If this is a generator H2 system, you aren't leaking air into the H2 gas past the oil seals are you?
rmw
RE: Cooling Water Dissolved Gasses
RE: Cooling Water Dissolved Gasses
rmw
RE: Cooling Water Dissolved Gasses
You wrote "air is diffusing". I'm not sure what you mean by this...back through the relief valve??? Fwiw, the vent/relief line has a loop seal in it.
RE: Cooling Water Dissolved Gasses
Diffusion is a very good thing when it comes to the CO2 we breath out not surrounding us and suffocating us, but it is a troublesome thing when you are trying to keep air out of a vessel with flow to atmosphere.
I am a ME and diffusion is "black science" to me, but I learned about it dealing with Zirconium O2 analyzers many years ago and have found the effects in lots of places I would have never suspected since that time.
rmw
RE: Cooling Water Dissolved Gasses
Is it possible that switching cover gas from H2 to N2 causes a weird transient/event that would lead to tank over pressure and/or flow reduction. Such as H2 "fizzing" out of the fluid and causing a lot of bubbles.
RE: Cooling Water Dissolved Gasses
The nitrogen blanket is not causing any removal of oxygen from the water. Nitrogen is used to prevent the water from contacting and absorbing oxygen from the atmosphere.
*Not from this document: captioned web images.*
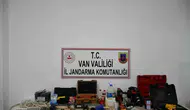 Van Gürpınar'da kaya mezarı patlayıcıyla patlatan defineciler suçüstü yakalandı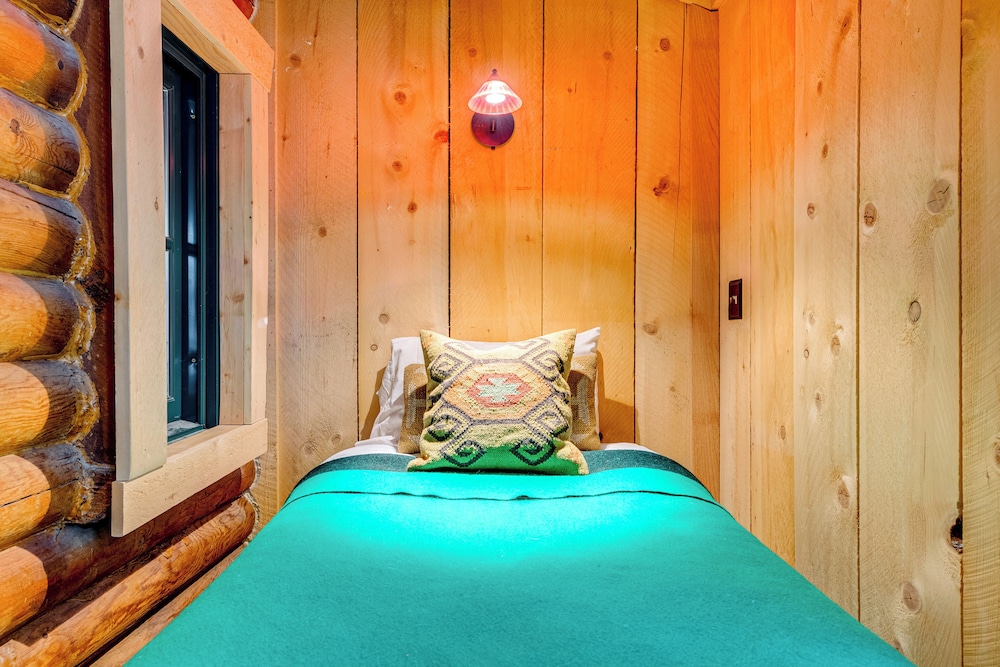 ~ 13 Mi to Main St: Park City Cabin w/ Mtn Views!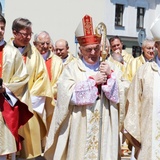 Poświęcenie pomnika św. abp. Bilczewskiego w Wilamowicach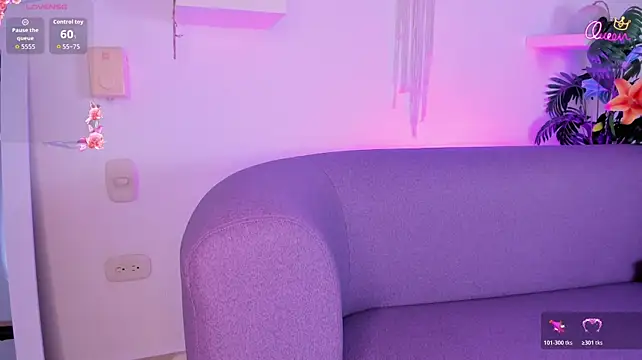 celeste_mill live cam on StripChat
At the low pressure that you are operating at as well as with the high temperature, there should not be significant concentrations of gases in the demineralized water. And you are not releasing enough pressure to cause the gases to fizz. You have stated that you have only 3 ppb of oxygen.
The blanketing gas that should be used is nitrogen, not hydrogen for obvious reasons. You should upgrade the gas bleed off device as a pressure relief valve is not appropriate for this application.
Evaluate the use of a membrane device on the fresh makeup water to remove the oxygen.
I agree with you that the relief valve probably hung up causing the observed pressure transient. The pressure transient had nothing to do with the nitrogen gas.
http://www.powermag.com/water/Forgotten-water-Stat...
RE: Cooling Water Dissolved Gasses
Purity of N2 gas?
RE: Cooling Water Dissolved Gasses
It is my understanding that as we change the composition of gas in the tank (isobaric), some dissolved H2 will come out of solution. Likewise, some N2 will go into solution at a different rate. Based on the responses I've seen, any system effect from this should be minimal. Sound about right?
RE: Cooling Water Dissolved Gasses
Perhaps the set pressure on the nitrogen regulating valve is too high.
RE: Cooling Water Dissolved Gasses
We orignally started of with the N2 injection regulator set at 6 psig providing 2.5 SCFH, which was able to improve O2 levels to about 6 ppb (tank pressure is 5 psig). We did this for over a day. Then, in order to drive the dissolved O2 levels even lower, we increased N2 pressure regulator setting to 7 psig and throttled our injection rate to 7.25 SCFH. Seven hours later, we noticed high tank pressure (7 psig) and low system flow rates (based on water temperatures). After isolating the N2 supply, the tank pressure returned to normal and system temperatures returned to normal. We have since replaced the relief valve and proved that it is capable of exhausting 7.25 SCFH at its cracking pressure (5 psig).